• Materials provided

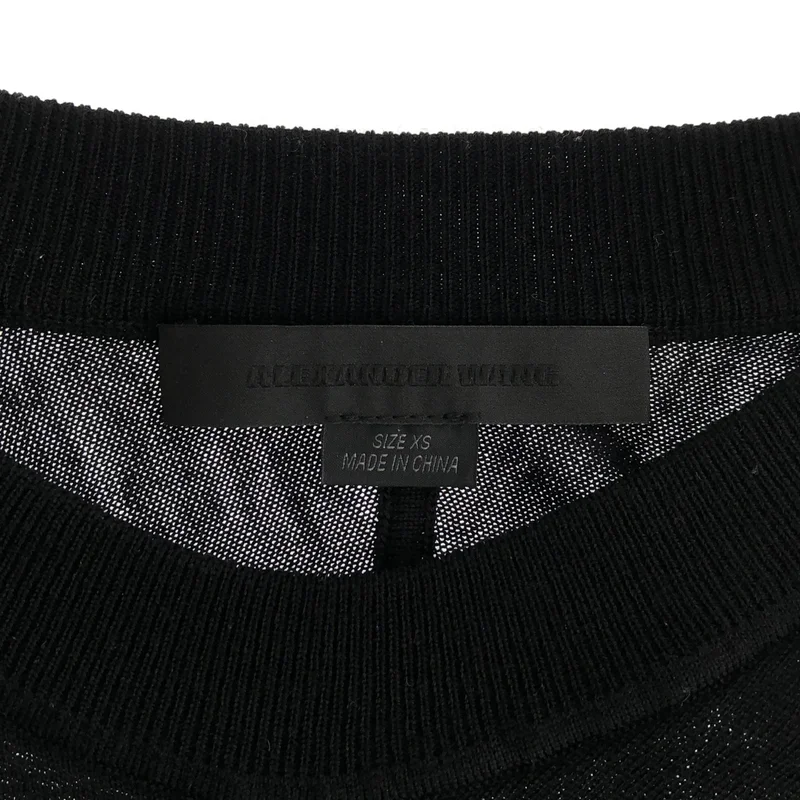 ALEXANDER WANG / アレキサンダーワン | ウール サイドスリット クルーネックニット | XS | レディース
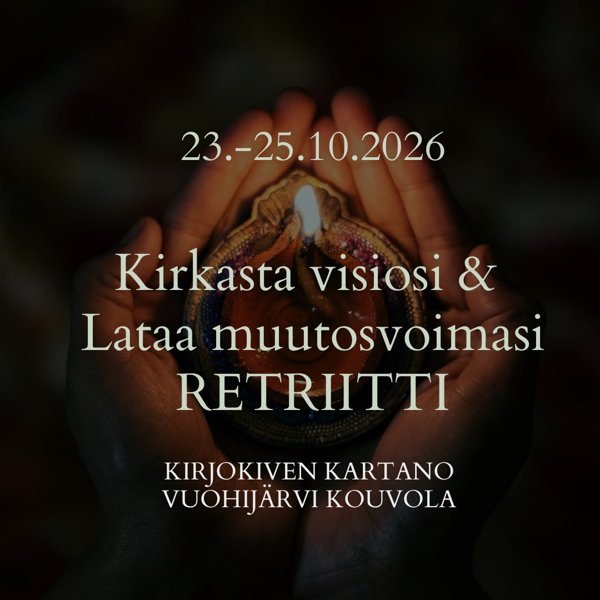 Product image of Kirkasta visiosi ja Lataa muutosvoimasi -VIP Varausmaksu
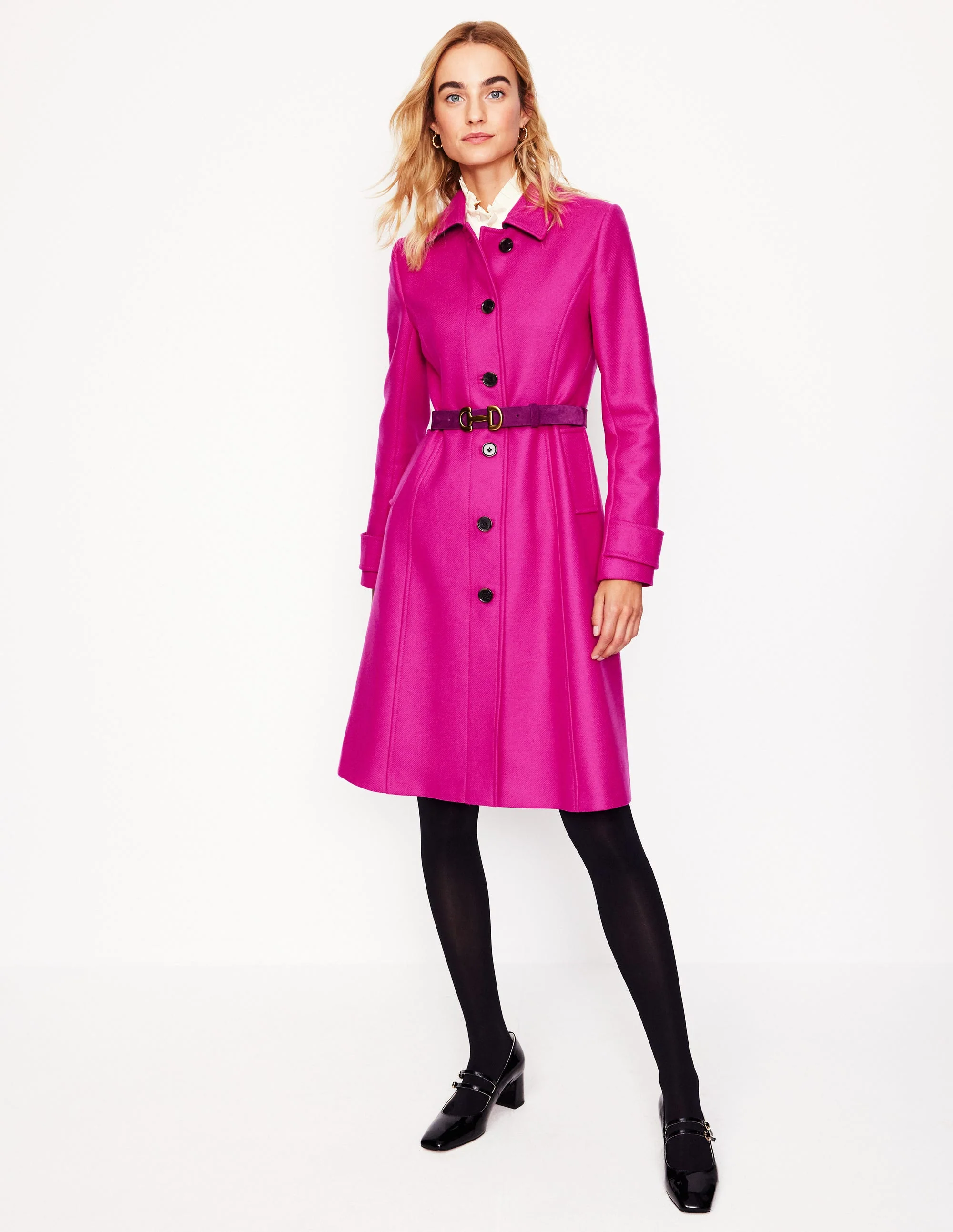 Durham Wool Blend Coat-Cherry Jam - Image 5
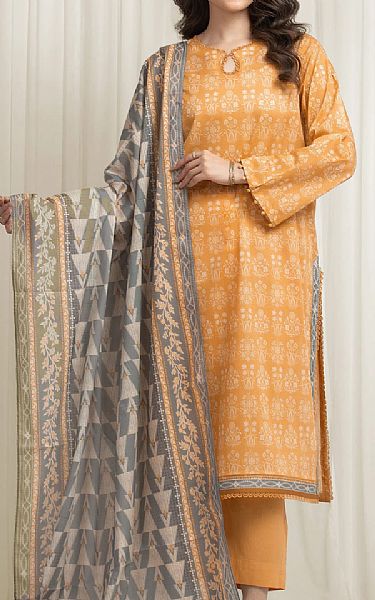 Edenrobe Orange Lawn Suit | Pakistani Lawn Dress in USA- Image 1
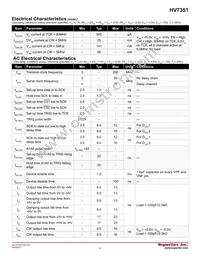 HV7351K6-G Datasheet Page 4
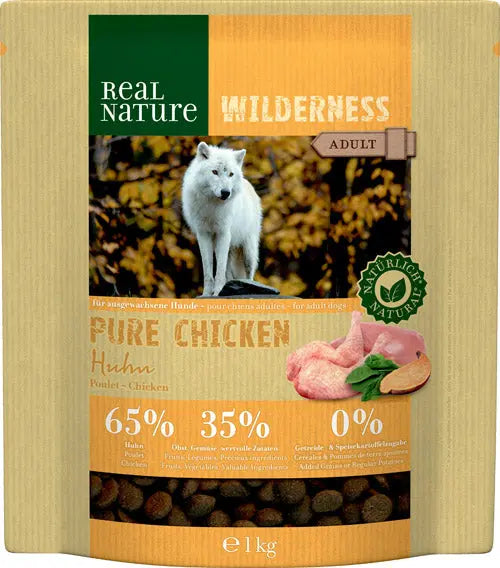 Adult Wilderness Pure Chicken kornfri kylling 1 kg - Maxi Zoo Danmark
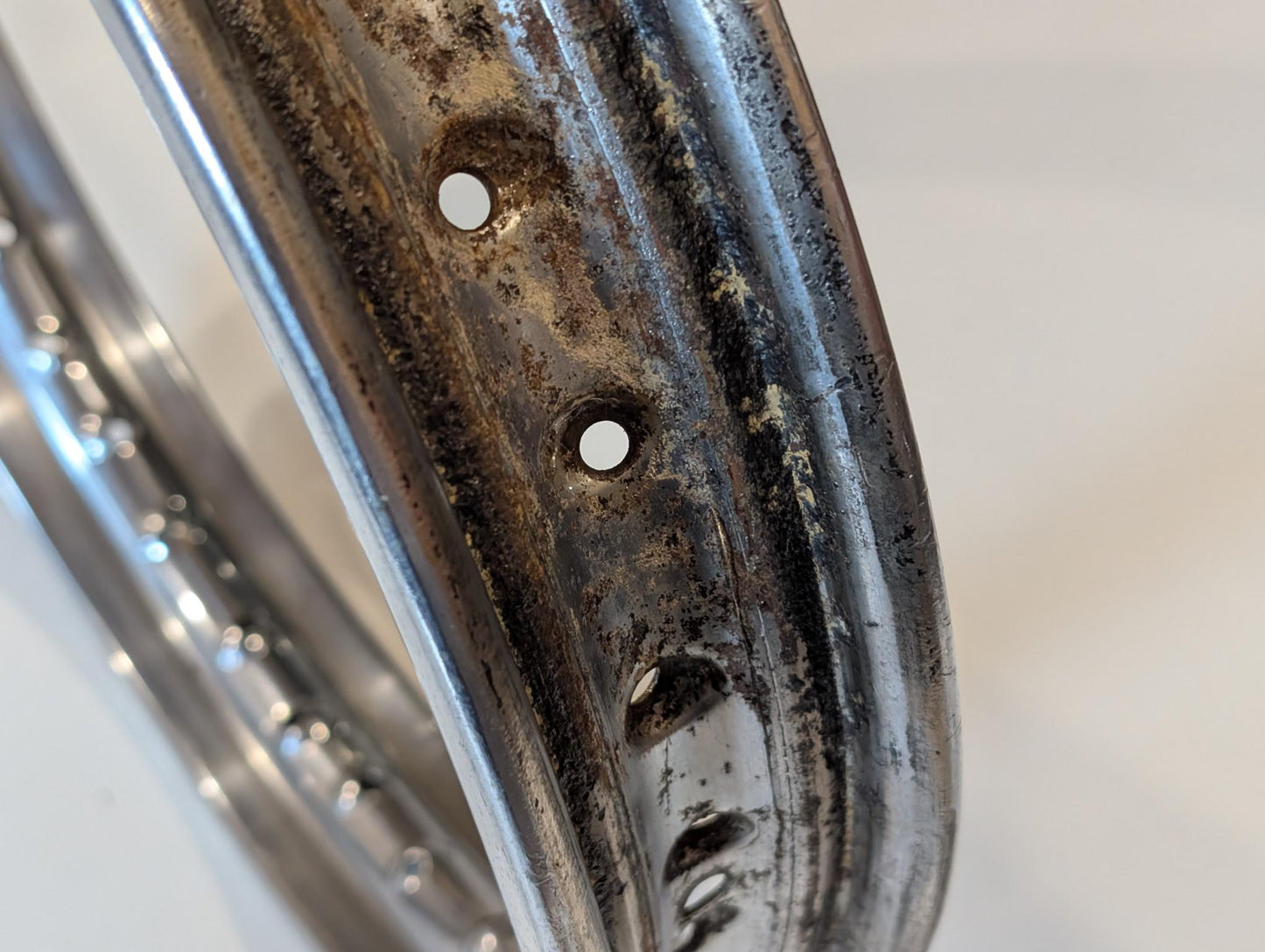 Yamaha DT175MX 2K4 Hinterradfelge Takasago J18 x 1,85 DOT 178, gebraucht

• Instructions to follow
Everything above except the pictures must be restated exactly.

• Solution to this exercise
 ALEXANDER WANG / アレキサンダーワン | ウール サイドスリット クルーネックニット | XS | レディース
 Product image of Kirkasta visiosi ja Lataa muutosvoimasi -VIP Varausmaksu
 Durham Wool Blend Coat-Cherry Jam - Image 5
 Edenrobe Orange Lawn Suit | Pakistani Lawn Dress in USA- Image 1
 HV7351K6-G Datasheet Page 4
 Adult Wilderness Pure Chicken kornfri kylling 1 kg - Maxi Zoo Danmark
 Yamaha DT175MX 2K4 Hinterradfelge Takasago J18 x 1,85 DOT 178, gebraucht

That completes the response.